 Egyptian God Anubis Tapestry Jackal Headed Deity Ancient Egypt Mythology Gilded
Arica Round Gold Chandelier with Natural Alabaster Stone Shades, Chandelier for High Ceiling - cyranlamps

---

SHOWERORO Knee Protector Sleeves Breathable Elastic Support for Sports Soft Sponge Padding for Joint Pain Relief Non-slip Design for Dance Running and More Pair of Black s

WHAT NEEDS TO BE DONE
Would you please copy, word for word, everything above from the line containing "Egyptian God Anubis" down to the line containing "Arica Round Gold", those two lines included?

TASK RESULT
 Egyptian God Anubis Tapestry Jackal Headed Deity Ancient Egypt Mythology Gilded
Arica Round Gold Chandelier with Natural Alabaster Stone Shades, Chandelier for High Ceiling - cyranlamps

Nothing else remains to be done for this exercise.